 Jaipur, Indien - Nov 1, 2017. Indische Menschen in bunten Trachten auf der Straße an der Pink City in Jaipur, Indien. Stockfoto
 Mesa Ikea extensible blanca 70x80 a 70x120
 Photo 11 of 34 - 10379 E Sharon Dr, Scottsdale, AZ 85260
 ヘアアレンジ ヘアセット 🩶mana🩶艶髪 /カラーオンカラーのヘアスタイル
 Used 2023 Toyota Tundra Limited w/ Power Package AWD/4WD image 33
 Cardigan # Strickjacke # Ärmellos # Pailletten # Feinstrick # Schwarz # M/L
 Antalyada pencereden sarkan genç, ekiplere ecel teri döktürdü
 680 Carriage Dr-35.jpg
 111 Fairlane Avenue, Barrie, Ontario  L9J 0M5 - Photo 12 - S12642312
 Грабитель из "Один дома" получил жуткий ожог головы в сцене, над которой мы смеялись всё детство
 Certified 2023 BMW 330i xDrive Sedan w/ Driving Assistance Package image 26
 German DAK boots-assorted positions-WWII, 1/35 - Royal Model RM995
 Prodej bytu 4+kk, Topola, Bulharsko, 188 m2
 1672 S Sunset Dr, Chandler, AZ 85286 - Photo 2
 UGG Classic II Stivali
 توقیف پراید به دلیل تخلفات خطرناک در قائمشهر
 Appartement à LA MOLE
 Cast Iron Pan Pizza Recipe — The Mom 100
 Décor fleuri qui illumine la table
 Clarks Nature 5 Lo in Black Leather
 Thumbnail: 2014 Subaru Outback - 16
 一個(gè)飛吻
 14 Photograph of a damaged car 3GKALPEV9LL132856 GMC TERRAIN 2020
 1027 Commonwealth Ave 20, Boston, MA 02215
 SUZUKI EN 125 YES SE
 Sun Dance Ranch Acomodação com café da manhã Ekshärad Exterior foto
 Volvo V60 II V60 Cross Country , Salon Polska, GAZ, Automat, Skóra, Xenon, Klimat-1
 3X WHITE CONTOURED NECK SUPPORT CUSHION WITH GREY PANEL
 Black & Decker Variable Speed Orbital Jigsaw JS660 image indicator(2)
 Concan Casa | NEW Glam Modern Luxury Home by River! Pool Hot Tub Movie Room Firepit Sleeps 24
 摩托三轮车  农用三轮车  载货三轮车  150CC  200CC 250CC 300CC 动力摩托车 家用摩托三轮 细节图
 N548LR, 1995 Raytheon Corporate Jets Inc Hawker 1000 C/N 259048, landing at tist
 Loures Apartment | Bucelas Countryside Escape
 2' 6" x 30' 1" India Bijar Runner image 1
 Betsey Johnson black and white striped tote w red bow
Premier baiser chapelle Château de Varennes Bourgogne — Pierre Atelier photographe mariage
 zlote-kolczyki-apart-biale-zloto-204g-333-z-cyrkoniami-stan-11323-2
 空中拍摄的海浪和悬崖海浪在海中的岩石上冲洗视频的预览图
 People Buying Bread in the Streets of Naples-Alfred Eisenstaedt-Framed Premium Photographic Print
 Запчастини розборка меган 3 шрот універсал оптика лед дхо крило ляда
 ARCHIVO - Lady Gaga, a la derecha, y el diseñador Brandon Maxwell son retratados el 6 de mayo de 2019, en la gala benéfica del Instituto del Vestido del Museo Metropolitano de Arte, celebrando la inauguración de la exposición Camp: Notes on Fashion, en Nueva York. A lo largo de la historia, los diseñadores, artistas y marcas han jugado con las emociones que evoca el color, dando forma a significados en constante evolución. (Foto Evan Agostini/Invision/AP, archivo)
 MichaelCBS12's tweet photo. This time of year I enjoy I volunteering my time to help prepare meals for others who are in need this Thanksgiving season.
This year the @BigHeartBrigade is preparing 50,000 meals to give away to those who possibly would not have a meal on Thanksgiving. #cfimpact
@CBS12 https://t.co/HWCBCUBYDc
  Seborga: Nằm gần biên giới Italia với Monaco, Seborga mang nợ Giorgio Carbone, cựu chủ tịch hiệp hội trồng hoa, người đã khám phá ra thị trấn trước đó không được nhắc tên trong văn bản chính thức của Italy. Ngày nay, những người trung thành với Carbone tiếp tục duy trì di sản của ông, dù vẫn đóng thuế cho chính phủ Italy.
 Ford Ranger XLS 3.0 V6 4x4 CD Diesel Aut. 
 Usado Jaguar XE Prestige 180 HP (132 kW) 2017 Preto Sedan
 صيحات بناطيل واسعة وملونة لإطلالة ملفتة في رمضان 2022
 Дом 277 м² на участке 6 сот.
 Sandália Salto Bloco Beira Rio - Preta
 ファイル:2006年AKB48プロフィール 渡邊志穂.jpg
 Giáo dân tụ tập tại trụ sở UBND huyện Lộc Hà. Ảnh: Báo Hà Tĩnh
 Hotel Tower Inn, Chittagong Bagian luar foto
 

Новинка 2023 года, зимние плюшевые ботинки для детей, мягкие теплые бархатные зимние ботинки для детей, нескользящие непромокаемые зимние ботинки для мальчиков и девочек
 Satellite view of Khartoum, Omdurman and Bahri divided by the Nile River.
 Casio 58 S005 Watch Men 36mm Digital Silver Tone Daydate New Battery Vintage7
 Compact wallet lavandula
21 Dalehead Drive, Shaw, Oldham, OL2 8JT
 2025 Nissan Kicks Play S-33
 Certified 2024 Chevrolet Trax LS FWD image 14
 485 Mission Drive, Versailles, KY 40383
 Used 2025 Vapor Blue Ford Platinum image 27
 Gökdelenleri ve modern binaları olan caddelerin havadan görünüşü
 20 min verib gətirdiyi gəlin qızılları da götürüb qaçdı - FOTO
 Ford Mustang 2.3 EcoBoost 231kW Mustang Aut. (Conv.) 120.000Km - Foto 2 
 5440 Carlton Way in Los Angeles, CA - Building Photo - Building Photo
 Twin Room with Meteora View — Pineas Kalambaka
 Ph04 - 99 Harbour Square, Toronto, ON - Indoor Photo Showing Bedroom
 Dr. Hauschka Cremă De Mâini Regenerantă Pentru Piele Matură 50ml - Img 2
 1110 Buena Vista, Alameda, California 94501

(WORK INSTRUCTION) Set down precisely the lines above between the line holding "Certified 2023 BMW" and the line holding "Thumbnail: 2014 Subaru Outback - 16", inclusive, and nothing beyond them.

(SOLUTION TO THE EXERCISE)
 Certified 2023 BMW 330i xDrive Sedan w/ Driving Assistance Package image 26
 German DAK boots-assorted positions-WWII, 1/35 - Royal Model RM995
 Prodej bytu 4+kk, Topola, Bulharsko, 188 m2
 1672 S Sunset Dr, Chandler, AZ 85286 - Photo 2
 UGG Classic II Stivali
 توقیف پراید به دلیل تخلفات خطرناک در قائمشهر
 Appartement à LA MOLE
 Cast Iron Pan Pizza Recipe — The Mom 100
 Décor fleuri qui illumine la table
 Clarks Nature 5 Lo in Black Leather
 Thumbnail: 2014 Subaru Outback - 16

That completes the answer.